IV. El cristiano, por lo tanto, reconoce la primacía de la actitud religiosa sobre la exigencia moral, del don del amor sobre el precepto de amar y de este mandamiento del amor sobre todos los demás mandamientos.

V. Porque la nueva ley está escrita en nuestro espíritu, en nuestro corazón, impulsa al hombre a la total configuración en Cristo, principalmente por medio de los santos sacramentos.

VI. La nueva ley: vivir en Cristo Jesús, unifica en íntima profundidad interior todas las leyes que rigen la vida cristiana: ley natural moral, ley de gracia, leyes positivas, llamamiento de la hora o exigencias del momento.

 

I. LAS BIENAVENTURANZAS: LEY NUEVA

El sermón de la montaña, síntesis maravillosa del mensaje de Jesús, comienza con un "¡Bienaventurados!" En labios del Señor, este "¡Bienaventurados!", repetido nueve veces (Mt 5, 3-11), es revelación y llamamiento directo del misterio del amor divino que Padre e Hijo celebran eternamente en el Espíritu Santo. En Cristo quiere Dios Padre abrirnos las riquezas insondables de su amor beatificante. "¡Bienaventurados!", nueve promesas que garantizan la "nueva justicia", la "nueva ley del amor" proclamada por el Señor en el sermón de la montaña.

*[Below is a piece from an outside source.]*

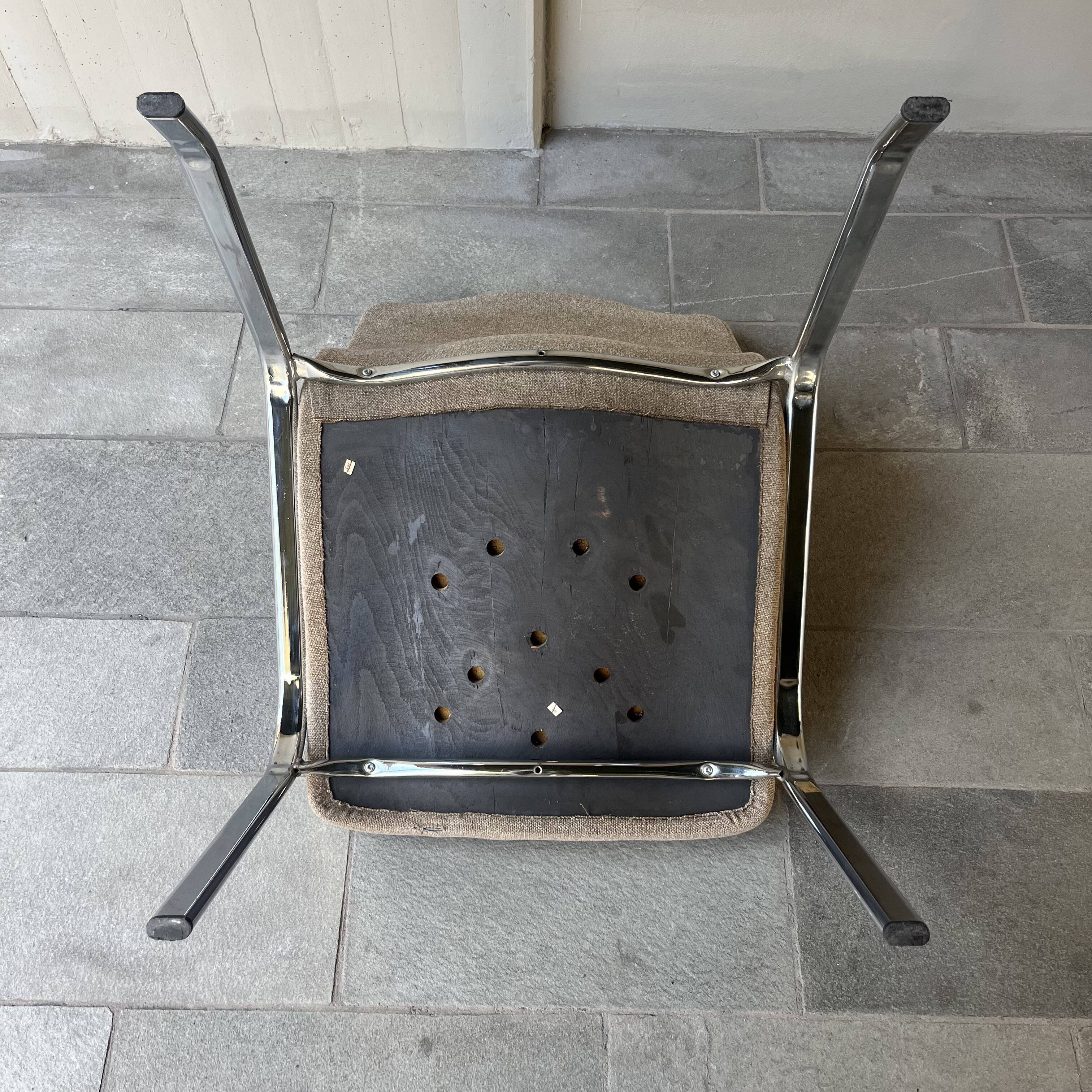Fauteuil bas vintage chrome et tissu gris/beige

"No creáis que yo he venido para derogar la ley. He venido para llevarla a su plenitud" (Mt 5, 17). En el sermón de la montaña Cristo exige de sus discípulos una actitud interior pura; espera de quienes quieran seguirle una entrega completa a su persona y a su reino. Seremos sal de la tierra y luz del mundo (cf. Mt 5, 13) cuando nos hayamos entregado totalmente a Cristo. Y el Señor no deja lugar a duda: no basta escuchar la buena nueva: "Quien escucha mis palabras y no las pone en práctica es semejante al necio que edifica su casa sobre la arena. Cayó la lluvia, vinieron los torrentes, soplaron los vientos y dieron sobre la casa, que cayó con gran derrumbamiento" (Mt 7, 26s). Con estas graves palabras cierra el Señor su sermón de la montaña.

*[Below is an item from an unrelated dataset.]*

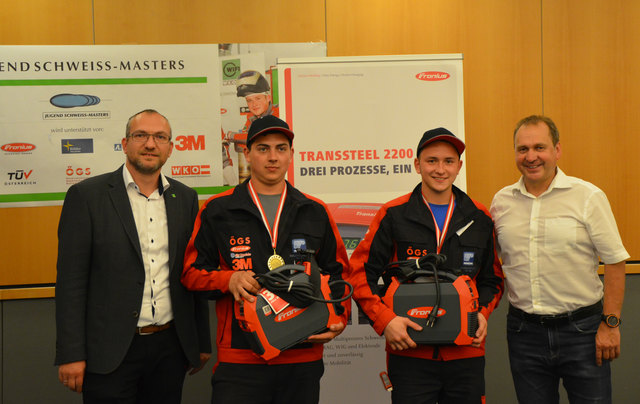Werner Philipp (WIFI), Thomas Holzleitner (Fa. Tropper Maschinen u. Anlagen GmbH), Florian Hahn (Forstenlechner Installationstechnik GmbH) und Peter Fichtbauer (Fa. Fronius). | Foto: WKO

La gran novedad que Dios Padre nos ofrece en este tiempo de salvación es un corazón nuevo; corazón que Él mismo nos infunde al requerirnos una actitud interior pura y un incondicional amor al prójimo. Son también buena nueva las palabras con que el Señor anuncia las más terribles catástrofes a quienes se contentan con escuchar su mensaje sin ponerlo en práctica, sin realizarlo en la propia vida: prueba de la tremenda seriedad con que apremia al hombre la buena nueva de salvación. Hemos sido llamados personalmente; tenemos empeñada nuestra responsabilidad personal desde el día en que por la fe y el bautismo la ley de las bienaventuranzas ha sido inscrita en lo vivo de nuestro corazón.

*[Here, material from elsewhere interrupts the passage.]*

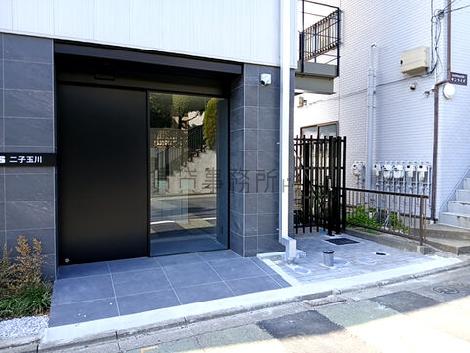 正面玄関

Cristo nos honra cuando, en vez de someternos como a esclavos a una ley de mínimas exigencias, nos pide una vida de gozosa alegría en el amor. Ciertamente no nos abatirán las exigencias de la ley si las vivimos a la luz del alegre mensaje del Señor expresado en su ley de las bienaventuranzas, en el don de la vida nueva.

La ley cristiana, no obstante el rigor de sus exigencias, no entraña, una disminución del alegre mensaje del amor del Padre; pertenece de suyo al júbilo de las bienaventuranzas. No son dos realidades que se excluyen mutuamente el que Dios nos haga felices con su don y exija, por otra parte, nuestra correspondencia. Cristo, entregándose al hombre, exige; pero no exige sino en cuanto se entrega. Así, su ley es siempre llamamiento personal de su amor.

¿El alegre mensaje del sermón de la montaña es válido solamente para los hombres moralmente perfectos? Con su grito de "¡Bienaventurados!", ¿se dirige el Señor únicamente a quienes, al mirar hacia atrás, pueden verificar una vida sin error ni tacha y ofrecer al Señor gavillas doradas, abundantes en buen grano? Cierto, Cristo espera de todos nosotros frutos "exuberantes de verdadera justicia y santidad". No lograremos la bienaventuranza de Dios ni contemplarle cara a cara mientras no seamos perfectos. Y, sin embargo, las palabras pronunciadas por Jesús en el monte son definitivas: serán bienaventurados los tristes y afligidos, los hambrientos y sedientos, los pequeños y pobres de la tierra que están ante su puerta... y llaman.

"Bienaventurados los pobres de espíritu, pues de ellos es el reino de los cielos" (Mt 5, 3). Nada tenemos de nosotros mismos; nada podemos ofrecer al Señor antes de que Él, misericordiosamente, nos haya enriquecido con sus dones. Por eso es condición suya que nos hagamos semejantes a los niños (Mt 18, 3) y, agradecidos como los niños, reconozcamos: no somos nada, no tenemos nada; pero todo lo que necesitamos lo recibiremos de la inagotable bondad de Dios. "Te alabo, Padre, Señor de cielo y tierra, porque has escondido estas cosas a los sabios e inteligentes y las has revelado a los pequeños. Así, Padre, porque lo has querido" (Mt 11, 25s). A estas palabras Jesucristo añade inmediatamente la invitación a los pobres de espíritu: "Venid a mí todos los que estáis cansados y abrumados; yo os aliviaré" (Mt 11, 28). Cuando hayamos acogido en nuestro corazón con espíritu y sencillez de niños ese confortante "¡Bienaventurados!", experimentaremos también nosotros que: "El yugo del Señor es suave y su carga ligera" (Mt 11, 30).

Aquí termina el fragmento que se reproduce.